BEGIN

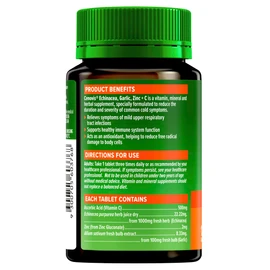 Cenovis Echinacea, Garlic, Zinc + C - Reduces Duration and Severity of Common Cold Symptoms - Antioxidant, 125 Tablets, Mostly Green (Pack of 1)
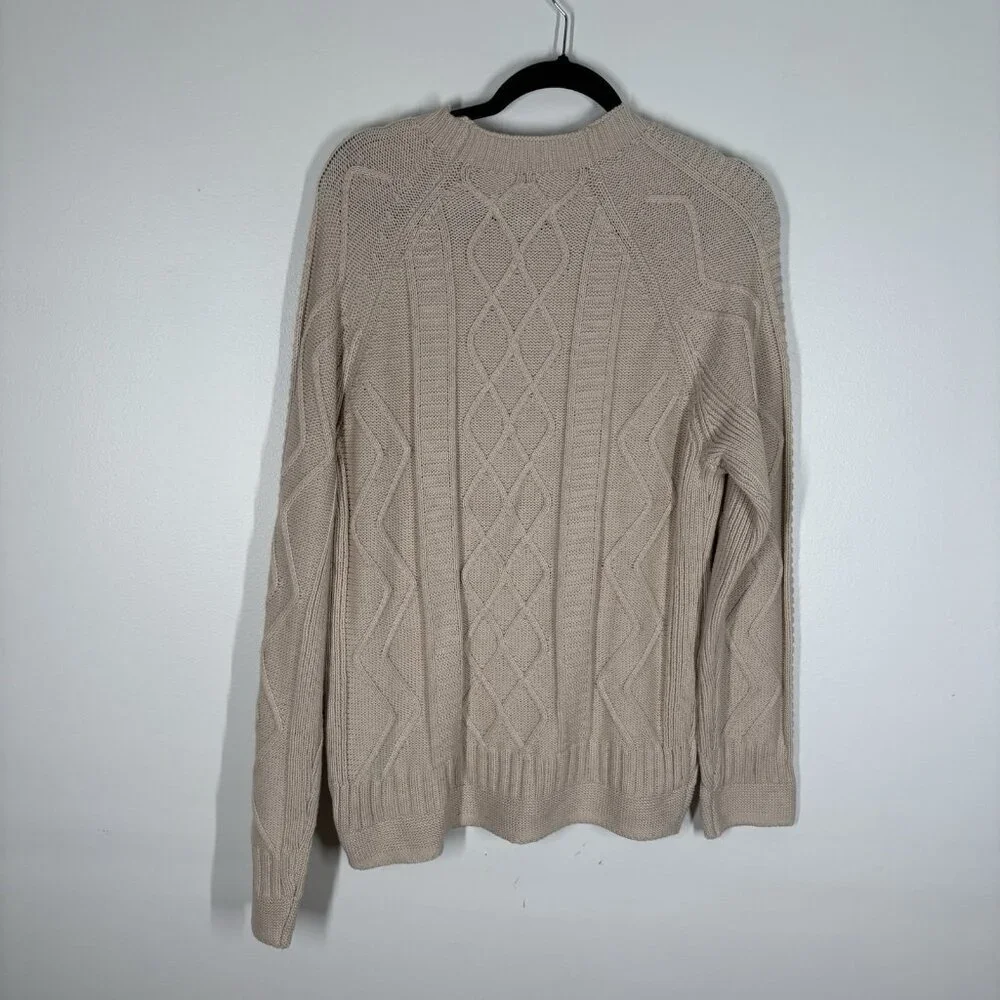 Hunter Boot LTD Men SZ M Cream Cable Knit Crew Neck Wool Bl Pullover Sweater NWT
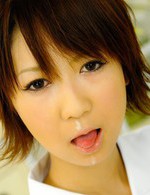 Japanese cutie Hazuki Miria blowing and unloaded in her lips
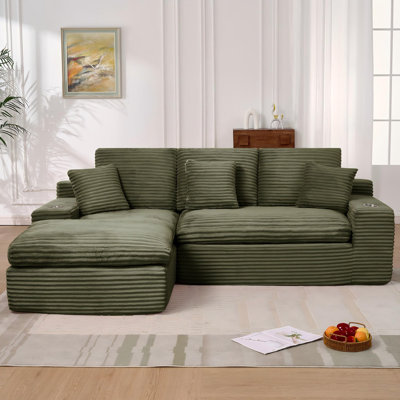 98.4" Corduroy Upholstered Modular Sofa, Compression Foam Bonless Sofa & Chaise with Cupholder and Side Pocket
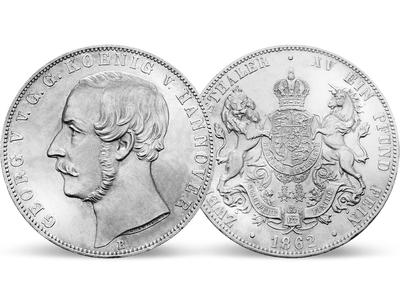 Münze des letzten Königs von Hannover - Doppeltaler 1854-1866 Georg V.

END

= PROBLEM TO WORK ON =
Would you write out every record word for word, leaving no picture in?

= ANSWER SPACE =
 Cenovis Echinacea, Garlic, Zinc + C - Reduces Duration and Severity of Common Cold Symptoms - Antioxidant, 125 Tablets, Mostly Green (Pack of 1)
 Hunter Boot LTD Men SZ M Cream Cable Knit Crew Neck Wool Bl Pullover Sweater NWT
 Japanese cutie Hazuki Miria blowing and unloaded in her lips
 98.4" Corduroy Upholstered Modular Sofa, Compression Foam Bonless Sofa & Chaise with Cupholder and Side Pocket
 Münze des letzten Königs von Hannover - Doppeltaler 1854-1866 Georg V.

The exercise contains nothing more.